WHAT YOU SHOULD DO:
Please repeat the records below exactly, but only from the line that contains "A duplicate image" onward, ending with the last line.
----- DATA RECORDS -----
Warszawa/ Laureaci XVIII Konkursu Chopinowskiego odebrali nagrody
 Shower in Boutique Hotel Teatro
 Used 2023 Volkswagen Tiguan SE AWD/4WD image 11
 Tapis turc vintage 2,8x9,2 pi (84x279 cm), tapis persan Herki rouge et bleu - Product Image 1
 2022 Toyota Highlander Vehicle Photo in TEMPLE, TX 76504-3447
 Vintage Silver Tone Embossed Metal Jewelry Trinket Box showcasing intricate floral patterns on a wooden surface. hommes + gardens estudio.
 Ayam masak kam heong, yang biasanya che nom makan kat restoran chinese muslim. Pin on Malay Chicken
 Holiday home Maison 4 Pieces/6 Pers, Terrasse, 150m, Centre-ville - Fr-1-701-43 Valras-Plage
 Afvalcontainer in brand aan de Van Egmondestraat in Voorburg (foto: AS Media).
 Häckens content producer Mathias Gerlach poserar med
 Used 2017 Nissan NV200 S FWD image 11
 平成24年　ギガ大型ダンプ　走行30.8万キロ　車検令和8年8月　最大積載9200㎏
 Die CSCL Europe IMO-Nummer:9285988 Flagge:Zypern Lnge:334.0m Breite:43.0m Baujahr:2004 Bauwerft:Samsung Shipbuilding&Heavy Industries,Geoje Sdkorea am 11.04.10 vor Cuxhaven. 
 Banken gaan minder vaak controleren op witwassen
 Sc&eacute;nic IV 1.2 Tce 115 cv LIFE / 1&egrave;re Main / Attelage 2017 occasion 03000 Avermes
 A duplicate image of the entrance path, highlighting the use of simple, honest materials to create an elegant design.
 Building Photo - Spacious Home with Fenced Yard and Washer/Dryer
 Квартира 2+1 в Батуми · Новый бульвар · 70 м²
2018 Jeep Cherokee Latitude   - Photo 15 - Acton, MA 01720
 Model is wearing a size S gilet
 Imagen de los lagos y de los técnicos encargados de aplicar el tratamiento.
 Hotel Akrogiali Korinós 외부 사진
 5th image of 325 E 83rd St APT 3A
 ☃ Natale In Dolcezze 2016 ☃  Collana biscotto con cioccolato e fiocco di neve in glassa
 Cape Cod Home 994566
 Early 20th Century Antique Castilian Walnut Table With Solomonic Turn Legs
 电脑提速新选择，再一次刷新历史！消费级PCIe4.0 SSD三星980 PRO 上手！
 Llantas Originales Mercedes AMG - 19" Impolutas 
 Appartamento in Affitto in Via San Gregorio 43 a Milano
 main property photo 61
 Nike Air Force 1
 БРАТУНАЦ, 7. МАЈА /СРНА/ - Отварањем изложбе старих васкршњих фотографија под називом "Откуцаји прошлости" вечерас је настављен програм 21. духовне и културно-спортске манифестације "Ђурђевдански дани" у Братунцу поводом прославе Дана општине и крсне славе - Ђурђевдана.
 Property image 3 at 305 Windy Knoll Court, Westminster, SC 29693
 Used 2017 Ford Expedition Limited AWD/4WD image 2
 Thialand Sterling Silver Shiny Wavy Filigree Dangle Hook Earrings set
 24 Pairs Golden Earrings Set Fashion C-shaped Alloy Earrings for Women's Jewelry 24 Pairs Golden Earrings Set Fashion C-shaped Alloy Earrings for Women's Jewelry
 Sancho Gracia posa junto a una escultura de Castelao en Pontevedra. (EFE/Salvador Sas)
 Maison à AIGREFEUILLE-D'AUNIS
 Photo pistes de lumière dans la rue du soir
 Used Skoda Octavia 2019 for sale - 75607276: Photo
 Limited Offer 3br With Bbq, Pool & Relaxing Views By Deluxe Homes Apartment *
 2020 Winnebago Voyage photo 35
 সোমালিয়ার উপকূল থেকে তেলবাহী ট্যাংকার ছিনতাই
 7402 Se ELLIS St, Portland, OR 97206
-----
WRITTEN RESPONSE:
 A duplicate image of the entrance path, highlighting the use of simple, honest materials to create an elegant design.
 Building Photo - Spacious Home with Fenced Yard and Washer/Dryer
 Квартира 2+1 в Батуми · Новый бульвар · 70 м²
2018 Jeep Cherokee Latitude   - Photo 15 - Acton, MA 01720
 Model is wearing a size S gilet
 Imagen de los lagos y de los técnicos encargados de aplicar el tratamiento.
 Hotel Akrogiali Korinós 외부 사진
 5th image of 325 E 83rd St APT 3A
 ☃ Natale In Dolcezze 2016 ☃  Collana biscotto con cioccolato e fiocco di neve in glassa
 Cape Cod Home 994566
 Early 20th Century Antique Castilian Walnut Table With Solomonic Turn Legs
 电脑提速新选择，再一次刷新历史！消费级PCIe4.0 SSD三星980 PRO 上手！
 Llantas Originales Mercedes AMG - 19" Impolutas 
 Appartamento in Affitto in Via San Gregorio 43 a Milano
 main property photo 61
 Nike Air Force 1
 БРАТУНАЦ, 7. МАЈА /СРНА/ - Отварањем изложбе старих васкршњих фотографија под називом "Откуцаји прошлости" вечерас је настављен програм 21. духовне и културно-спортске манифестације "Ђурђевдански дани" у Братунцу поводом прославе Дана општине и крсне славе - Ђурђевдана.
 Property image 3 at 305 Windy Knoll Court, Westminster, SC 29693
 Used 2017 Ford Expedition Limited AWD/4WD image 2
 Thialand Sterling Silver Shiny Wavy Filigree Dangle Hook Earrings set
 24 Pairs Golden Earrings Set Fashion C-shaped Alloy Earrings for Women's Jewelry 24 Pairs Golden Earrings Set Fashion C-shaped Alloy Earrings for Women's Jewelry
 Sancho Gracia posa junto a una escultura de Castelao en Pontevedra. (EFE/Salvador Sas)
 Maison à AIGREFEUILLE-D'AUNIS
 Photo pistes de lumière dans la rue du soir
 Used Skoda Octavia 2019 for sale - 75607276: Photo
 Limited Offer 3br With Bbq, Pool & Relaxing Views By Deluxe Homes Apartment *
 2020 Winnebago Voyage photo 35
 সোমালিয়ার উপকূল থেকে তেলবাহী ট্যাংকার ছিনতাই
 7402 Se ELLIS St, Portland, OR 97206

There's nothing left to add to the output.